Sherry and I were enjoying a wonderful relaxation weekend in Hot Springs, Arkansas celebrating our 18th wedding anniversary. We had been waiting for a bus that provides free rides to points of interest in the area and were becoming extremely frustrated as our wait extended for over an hour and the bus was supposedly scheduled for every 30 minutes. Not sure exactly where the pick-up point was, we tried several locations to no avail. Sherry even tried to contact the bus company, but, as it was Saturday, there was no response. The people we asked at our hotel gave conflicting answers.

Finally, we decided to go to what seemed to be the most logical location, the corner on a main intersection.
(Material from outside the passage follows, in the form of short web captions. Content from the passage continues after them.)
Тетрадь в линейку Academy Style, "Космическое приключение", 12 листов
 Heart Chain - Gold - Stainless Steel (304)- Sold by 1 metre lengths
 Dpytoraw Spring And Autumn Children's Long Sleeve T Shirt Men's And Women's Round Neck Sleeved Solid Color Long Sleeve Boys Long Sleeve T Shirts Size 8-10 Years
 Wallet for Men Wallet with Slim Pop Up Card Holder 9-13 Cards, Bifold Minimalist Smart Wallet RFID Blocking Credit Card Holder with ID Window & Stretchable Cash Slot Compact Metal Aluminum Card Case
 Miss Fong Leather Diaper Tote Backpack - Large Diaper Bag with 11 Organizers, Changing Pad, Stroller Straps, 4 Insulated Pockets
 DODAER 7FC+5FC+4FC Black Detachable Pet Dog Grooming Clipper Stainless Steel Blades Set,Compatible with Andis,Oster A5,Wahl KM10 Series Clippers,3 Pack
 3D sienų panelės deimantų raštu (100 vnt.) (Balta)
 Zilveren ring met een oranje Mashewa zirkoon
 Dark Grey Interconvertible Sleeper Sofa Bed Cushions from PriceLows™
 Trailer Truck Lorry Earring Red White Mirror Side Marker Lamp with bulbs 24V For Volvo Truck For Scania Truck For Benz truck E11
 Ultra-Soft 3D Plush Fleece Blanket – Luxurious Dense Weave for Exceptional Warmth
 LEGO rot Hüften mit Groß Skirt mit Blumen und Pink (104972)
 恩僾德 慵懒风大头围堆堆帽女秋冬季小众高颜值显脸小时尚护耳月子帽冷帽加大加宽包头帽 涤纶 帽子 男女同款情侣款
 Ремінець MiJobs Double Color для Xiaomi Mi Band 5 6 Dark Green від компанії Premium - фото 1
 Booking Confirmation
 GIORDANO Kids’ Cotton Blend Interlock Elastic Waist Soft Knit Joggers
After waiting only a short time, another couple arrived and Sherry was chatting with them and learned they were also from our home town area and staying at our hotel. About the same time, a chap walked up to me and asked for the time. Appearing reasonably neat and clean cut, I responded “about 20 to, no a quarter to twelve”. He then asked “do you have a quarter?” My initial reaction was “sorry, no”. Then he asked “do you vote?”. At the same moment, I reached into my pocket and felt a coin. I saw that it was a shiny, well preserved Liberty Quarter and I handed it to the man saying, “You’re in luck”. Within moments the bus arrived. As we boarded, Sherry asked where the man was. Neither of us had seen him leave nor had any idea where he went.

A week later, as I was putting on a pair of house moccasins that I keep in the entry hallway, I picked up the right hand shoe to put it on and there, lying on the floor, was a shiny Liberty Quarter where the shoe had been.

Sherry: I then added this observation. What makes this such an interesting event is an earlier event – one that happened years ago while we were, also, vacationing. On that occasion, we encountered a rather neat, healthy looking young man sitting on the ground outside the door as we exited a restaurant who asked, “Can you spare  a quarter?”

That time, in seeing that he was a strapping young man who appeared capable of working, we refused his request and got in our car and left. Both of us immediately felt that we should have given the man what he asked for and more. We quickly turned the car around and went back to the restaurant. Though our return took just moments, the man was nowhere in sight. He had just vanished! In discussing the incident, we both felt we had failed a test.

Was the Hot Springs incident another chance? It certainly appears so. On our way home, I was writing about the incident in my journal and as I wrote the words that George spoke as he handed the man the quarter, “you’re in luck”, from out of the blue came the thought “No, you’re in luck!”

We discussed the fact, while driving home, that a quarter gets you very little these days, ….. not even a cup of coffee, and that the encounter was not about the quarter, but about our ability to be compassionate and caring and open to life without JUDGMENT.

We must have been right – it wasn’t about the quarter. We passed the test this time and the quarter was returned. We now have the quarter framed and on display as a reminder of the wonderful lessons that the opportunity to give has provided.